Tom Robinson and band Glastonbury June 2015

INTERVIEW: ‘The revelation for me was to hear people getting up to speak to the crowd about being wrongfully imprisoned and to hear them say that it was only legal aid that had got them out.’ The 65-year old singer-songwriter and broadcaster Tom Robinson is recalling his impressions of last year’s Justice Alliance demo outside the Old Bailey against the legal aid cuts.

Tom Robinson – whose best known songs are 2-4-6-8 Motorway, Glad To Be Gay and War Baby – wrote a brand new song for the demo called The Mighty Sword of Justice, and tonight he kicks off a tour in support of his first album for 20 years of the same name.

The song is as overtly political as any by the Tom Robinson Band which split in 1979. It is – and I stand to be corrected – the only protest song to address our emasculated legal aid system. Robinson lays into the failings of a justice system that lets dodgy newspaper editors and wealthy bankers off the hook but fails the likes of Doreen Lawrence.

The mighty sword of justice stands high above us all;
All citizens stand equal before her mighty laws;
But even mighty justice has one almighty flaw;
There is one law for the rich and one law for the poor.

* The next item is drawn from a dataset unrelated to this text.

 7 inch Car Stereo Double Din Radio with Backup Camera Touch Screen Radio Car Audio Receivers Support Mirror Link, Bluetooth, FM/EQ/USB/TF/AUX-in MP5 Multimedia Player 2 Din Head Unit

Billy Bragg also takes a verse attacking undercover cops infiltrating the Occupy movement.

Enforcing for the bourgeoisie
Tom Robinson doesn’t profess to have any special insight into the government’s assault into the parlous state of publicly-funded law. He was invited to join the Justice Alliance by tweet. ‘My only qualifications are that I have a father who was a solicitor back in the 1950s and I can play the bass guitar,’ he tells me. ‘I’m going on gut instinct. But it seems something has gone very wrong. People need to get angry about it.’

‘It was a real eye-opener to hear from duty solicitors who work all the hours that God sends for the smallest amount of money because they believe in it,’ Robinson says. ‘It made me understand better that it’s not all about obscene damages and excessive fees which is what we read about in the headlines in the newspaper.’

Robinson describes the imposition of the new criminal court charge – as of April this year, anyone convicted of a criminal offence has to pay between £150 and £1,200 – as ‘scandalous and wrong.’ He recently played the Latitude festival and, of all his set, it was the Mighty Sword that went down the best. ‘It’s an issue that resonates,’ he reckons. You can watch it below – 25 minutes in.

‘Enforcing for the bourgeoisie’ is how Robinson characterizes his father’s legal practice in the song. ‘He came out of the army after the war with no qualifications, did night classes, and eventually did his articles with a local solicitor. He hated it,’ he recalls.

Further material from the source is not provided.